A apresentação, a cargo da empresa responsável pelo projeto, teve em Paula Teles e Bruno Sousa os porta-vozes. Com a experiência, em Aveiro, de ter idealizado a nova cara da Rua da Pega e da Avenida 25 de Abril, Paula Teles não se fez rogada nas palavras, nem na perspetiva ambiciosa de mudar, completamente, o paradigma atual.
“O grande objetivo deste projeto é o de voltar a ter espaço público para socializar. Precisamos, cada vez mais, de ter lugares para as pessoas estarem, para terem momentos de pausa. Vamos incidir na reorganização do espaço público, para se ter mais área para andar a pé, onde o carro também exista, mas sem ser à custa de uma pessoa idosa, de uma mãe que quer passear o seu bebé.
Coexistência, a palavra-chave
A exemplo do que já existe – com mais ou menos sucesso – na Avenida Lourenço Peixinho e na Rua do Gravito, a palavra-chave do novo projeto é a coexistência. Entre crianças que querem jogar à bola, turistas que passeiam, aveirenses que aproveitam os dias de sol, e carros que querem passar em todo o lado.
“Os carros vão continuar a ter o seu espaço, com regras, dentro de uma reorganização do espaço público, com mais espaços de coexistência. Nada é disruptivo neste projeto e acreditamos muito na mudança através do exemplo. As pessoas vão ter vergonha de andar de carro onde estarão as crianças a brincar. É o chão da cidade que vai fazer com que isso aconteça”, explica Paula Teles.
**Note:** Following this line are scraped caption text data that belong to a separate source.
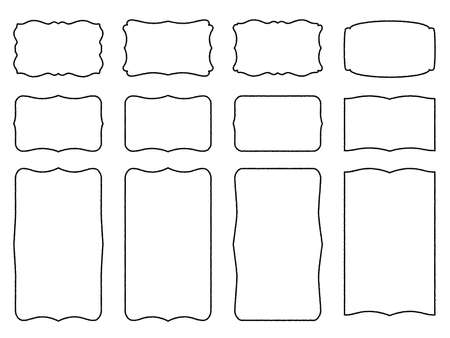 A simple classic frameset. Hand-drawn style main line only version.のイラスト素材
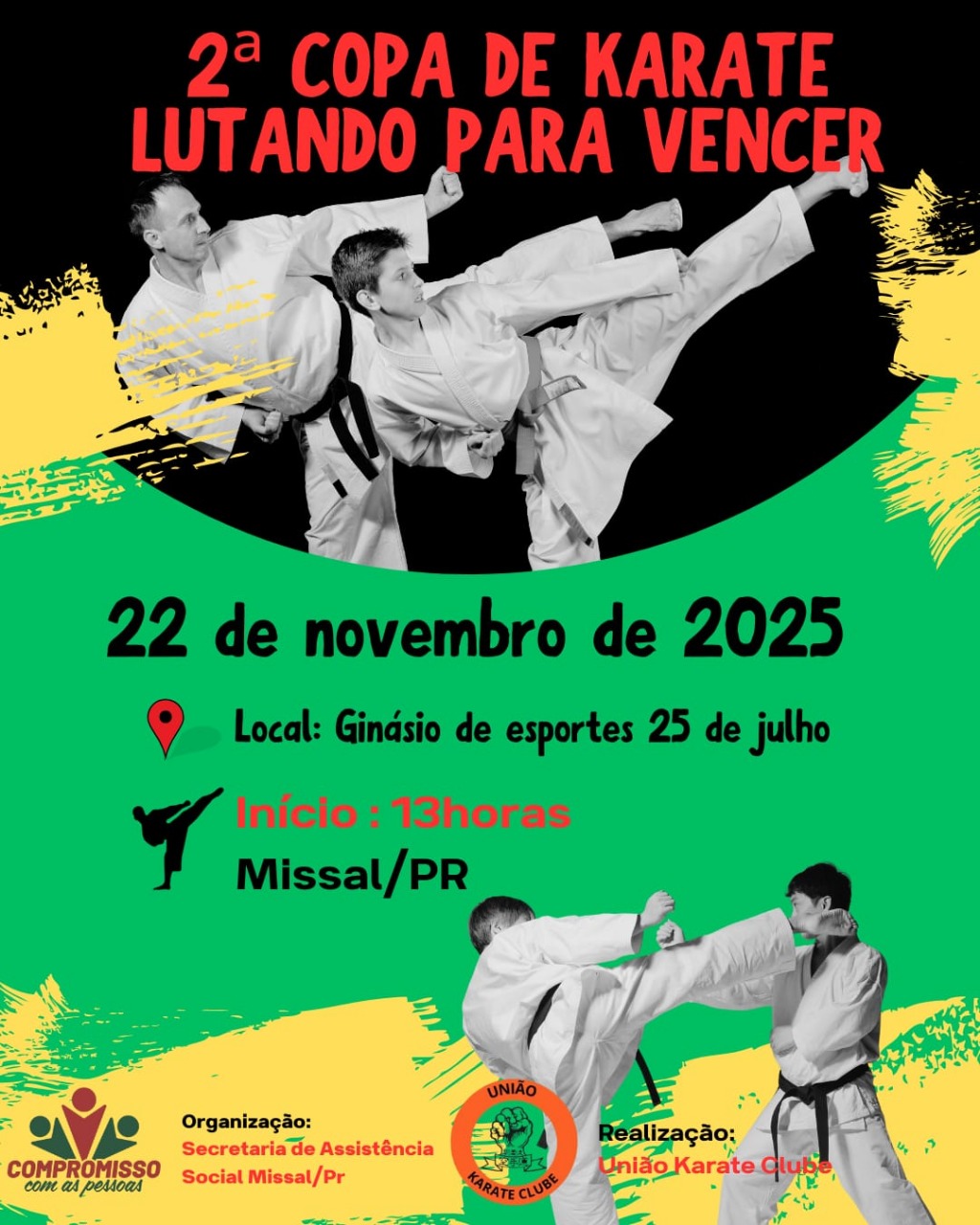 Missal irá sediar 2ª Copa de Karatê em novembro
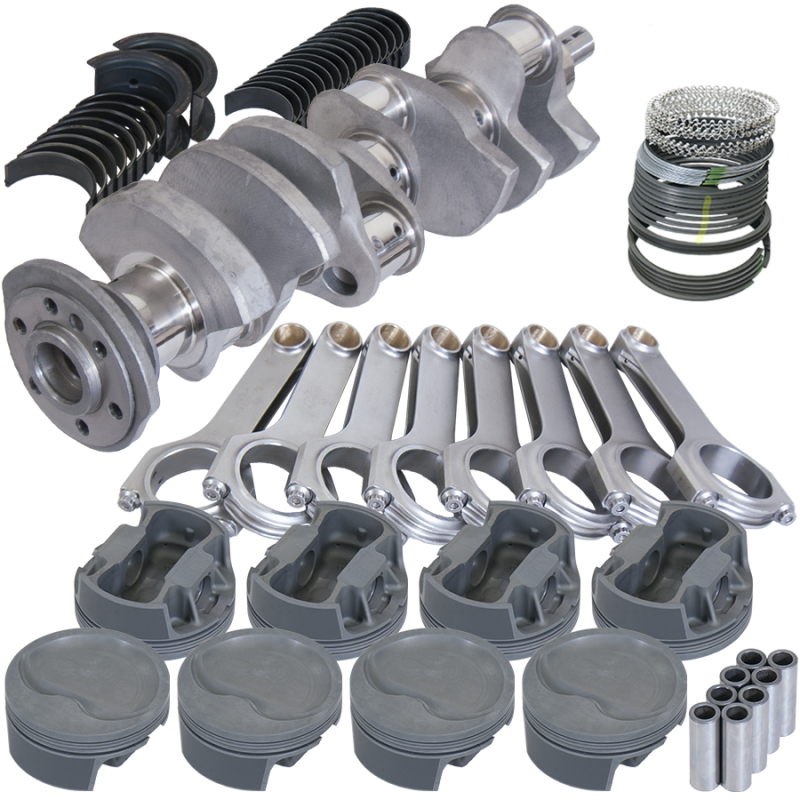 Eagle 12147040 fits Chevy 400 3.875in Crank 6.000in H-Beam Stroker Rods -22cc 4.165in Pistons Rotating Assembly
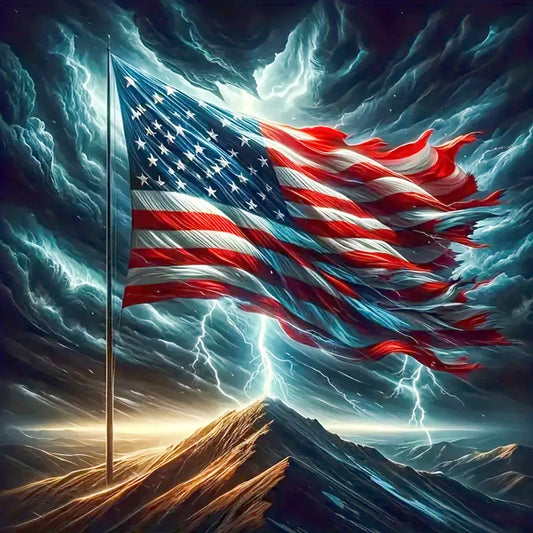Patriotic Voice - Full Square Drill Diamond Painting 40*40CM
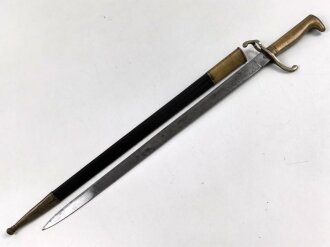 Kaiserreich , Seitengewehr Modell 1871, Eigentumstück mit beidseitig geäzter Klinge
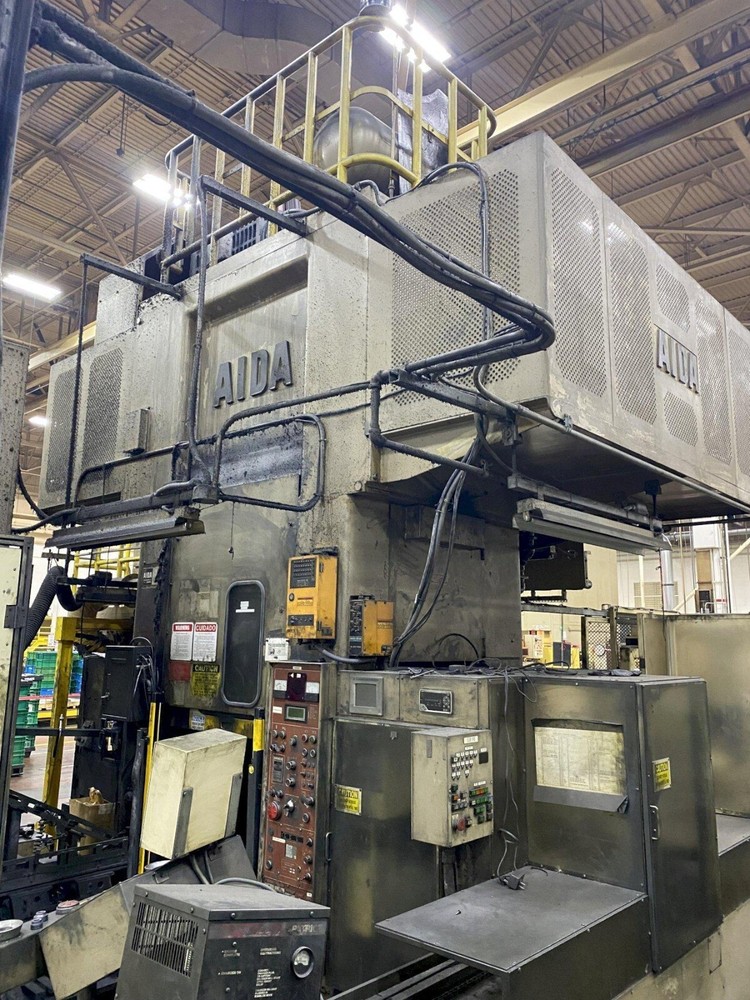 220 Ton AIDA Model CF1-220 Straight Side Cold Forging Single Point Press
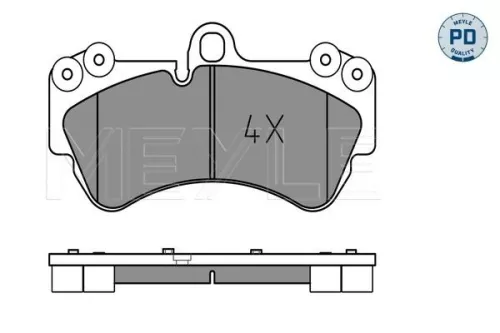 MEYLE Brake Pad Set, disc brake (0252369217/PD)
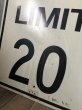 画像3: Vintage Road Sign SPEED LIMIT 20 (B290)  (3)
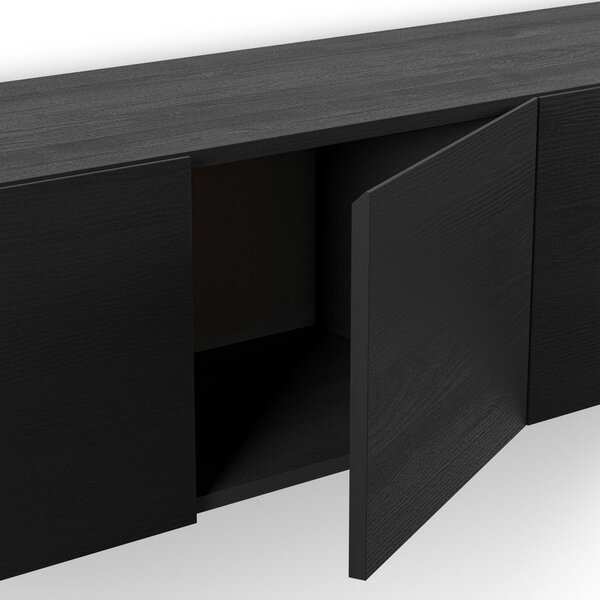 Crna TV komoda 180x38x35 cm Daroca – Marckeric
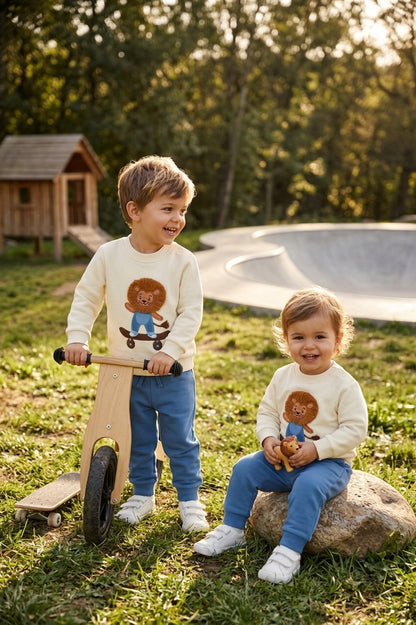 Conjunto Sudadera y Jogger León Skater Niños | Moda Infantil | Sonajero Kids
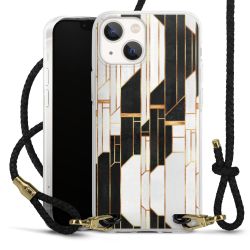 Carry Case Transparent Leather black/gold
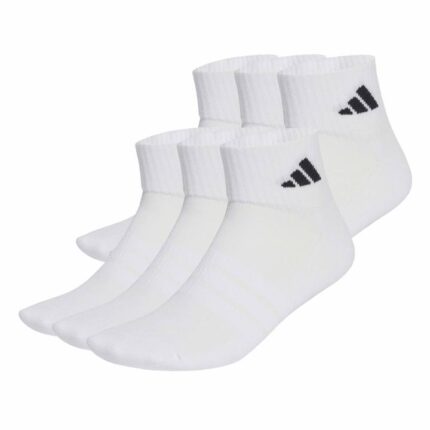 adidas Κάλτσες Cushioned Essentials Ankle Socks 6 ζευγάρια Λευκές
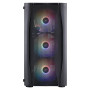 Корпус 1stPlayer X3-M-BK-4F1 Black без БЖ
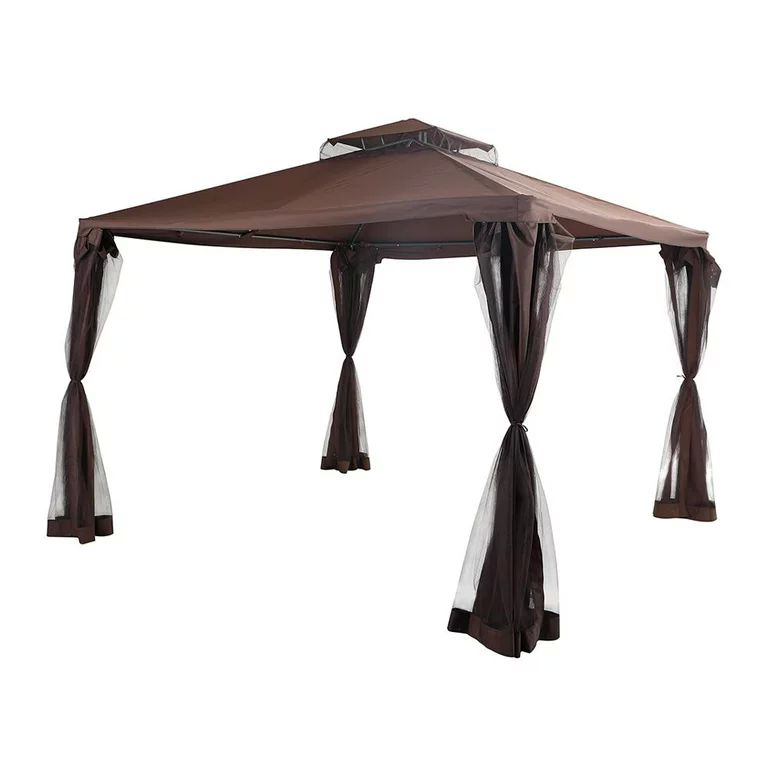 Toldo carpa para Jardín Mainstays Estructura de Metal 300 x 300 cm Beige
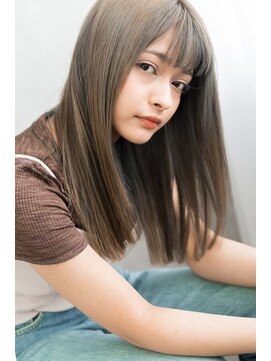 エスドットブルーム(S.BROOM) 【S.BROOM　なんば】アッシュ系でこなれたナチュラルストレート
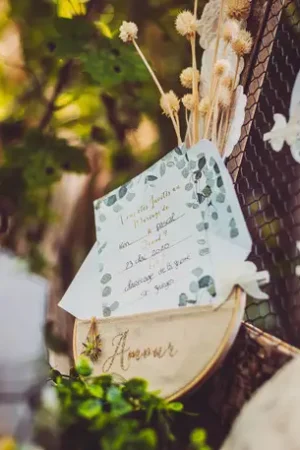 Top Vente 10 Invitations avec enveloppe Eucalyptus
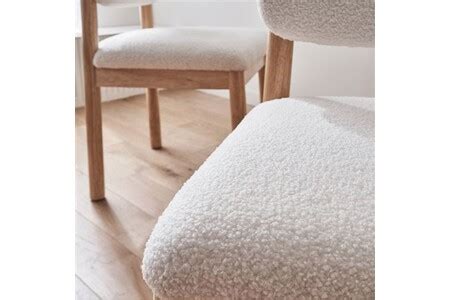 Chaise Sweeek Lot de 2 chaises scandinaves piètement en bois d'hévéa ...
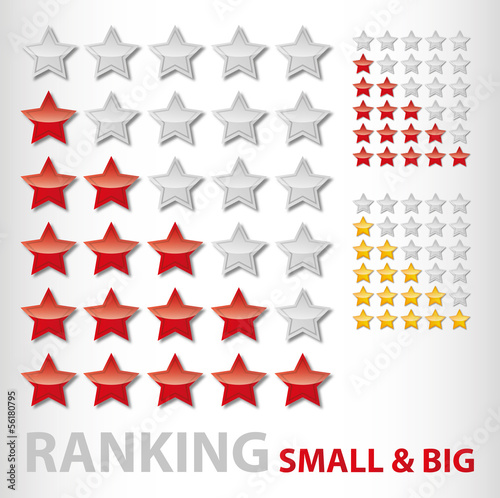 Vector: Ranking / Bewertung Sterne Ranking / Bewertung Sterne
A opção clara, até aqui, “pelo carro em detrimento do peão” é, para Paula Teles, o principal problema da zona da Beira-Mar. “Está muito desarrumado e em excesso”, explica. Daí que os princípios orientadores do projeto sejam claros: “Humanização das ruas e descarbonização; qualificação do espaço público; valorização dos elementos diferenciadores e, principalmente, resolução de problemas/conflitos de circulação rodoviária e da descontinuidade da rede pedonal e ciclável”.
“Quem tem o desafio das cidades, sabe que é no espaço público que temos a hipótese de nos conectarmos. É obrigatório criar momentos de pausa, fazer com que a nossa rua, a nossa cidade, seja a nossa casa. Daí também a necessidade de ter mais árvores, mais zonas verdes. É o que faremos, onde for possível”, conclui a responsável.
Rua a rua, ponto a ponto
Praticamente no final da apresentação, as respostas mais prementes foram dadas a todos os presentes. Não só quando está prevista começar, mas sobretudo de que forma os constrangimentos serão ultrapassados. Paula Teles explica que “está tudo pensado” e Bruno Santos garantiu “que o projeto está delineado” com todo o cuidado.
“São entre 64 e 69 ruas que serão intervencionadas. Foi uma loucura fazer este projeto, mas está tudo rigorosamente planeado, para que cada pessoa, cada comerciante, tenha o mínimo de entropia na sua vida. A prioridade é para quem cá está, para quem cá reside”, garante Bruno Sousa.